One of the big issues lately seems to be what role the government will play in the funding of the arts. Recent criticism directed towards the National Endowment for the Arts (NEA) regarding grants given to some neo-controversial artists has brought this issue to the top of every politician’s election agenda.

One stance taken by right-wingers is that artists such as Robert Mapplethorpe, Andres Serrano and Karen Finley, to name a few, are simply “filth artists” and that taxpayers’ money should not be used to subsidize such “obscene” work. Under the 1973 Miller vs. California decision, any work that has “substantial literary, artistic, political or scientific value” is not obscene. Now, granted, there is a lot of bad art, but almost none of it is “wicked” or catering to the “prurient” attitude, or even outside the Supreme Court’s definition of obscenity. The problem is intolerance—we don’t know how to deal with it either.

Jesse Helms, for example, Capitol Hill’s cultural warrior, often tells reporters that in order to get an interview with him, they must show Mapplethorpe’s homoerotic photos with the interview. When television stations refuse to air the photos, Helm’s point is made. “If showing Mapplethorpe’s work on television could cost a broadcaster his license, why should the NEA get a free ride?” But do any of us turn on the television to see an art exhibit?
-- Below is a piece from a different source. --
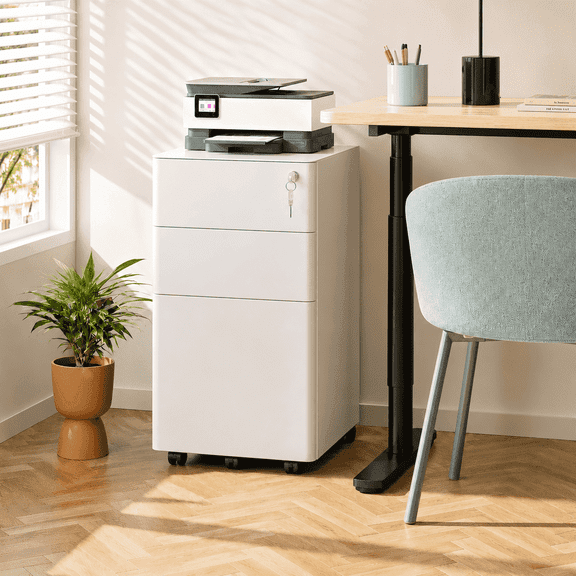 GALAXHERO 3 Drawer Metal File Cabinet with Lock, Vertical Rolling Filing Cabinet for Home Office, Fits A4/Letter/Legal, White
In a Newsweek poll, 75% of adults said that they should have the right to determine what they see and hear—only 21% said they would like to see laws to prohibit material that may be offensive to some segments of the community. And when asked if federal officials should exercise more control to ensure that the work of art produced does not offend the public, or, if these judgements should be left to independent panels of established art experts in each field 63% said the experts should judge, while 30% desired more official control.

John Frohnmayer, the NEA’s chairman, points out that the agency has distributed 85,000 grants and dealt with more than 1 million images in the visual arts. Fewer than 20 grants have been controversial.

“Controversial” does not mean “inappropriate” or “out-of-bounds” of federal funding. I’m pointing out that art, like everything else, can and is being used as a political mule for the re-elections.

But it doesn’t stop here folks!

Reverend Donald Wildmon, and his American Family Association (you know, those people who couldn’t deal with someone else interpreting Jesus in The Last Temptation of Christ) along with others like the Traditional Values Coalition of California and Phyllis Schafly’s Eagle Forum, are out to do everything, from dismembering the NEA, restricting the content of television, censoring movies and books.

Jesse Helms, Donald Wildmon, and all the other right-wing purists think they are going to rebuild the fabric of American life. Yeah…right. What is really happening is that the place of art in our society is becoming situational. If it’s not an election year and certain politicians haven’t fucked anything else up, art is fine. But if they look and are losing votes, why not take a heroic stance on “obscenity,” churn a few votes, and come out smelling like a rose.

Members of the NEA are not there to “police” art, nor will they remain. Some grantees of the NEA are already refusing grants from the agency because it is being turned into a conservative bitch-board used for political head-banging and a way to get around court decisions.

By current definition, the works of most artists such as Serrano, Mapplethorpe and Finley are not obscene. But a handful of people still find it disgusting. So, what are we to do? Draft yet another definition of “obscenity” and use that while right-wing politicians turn the NEA into a “one-way-or no way” institution?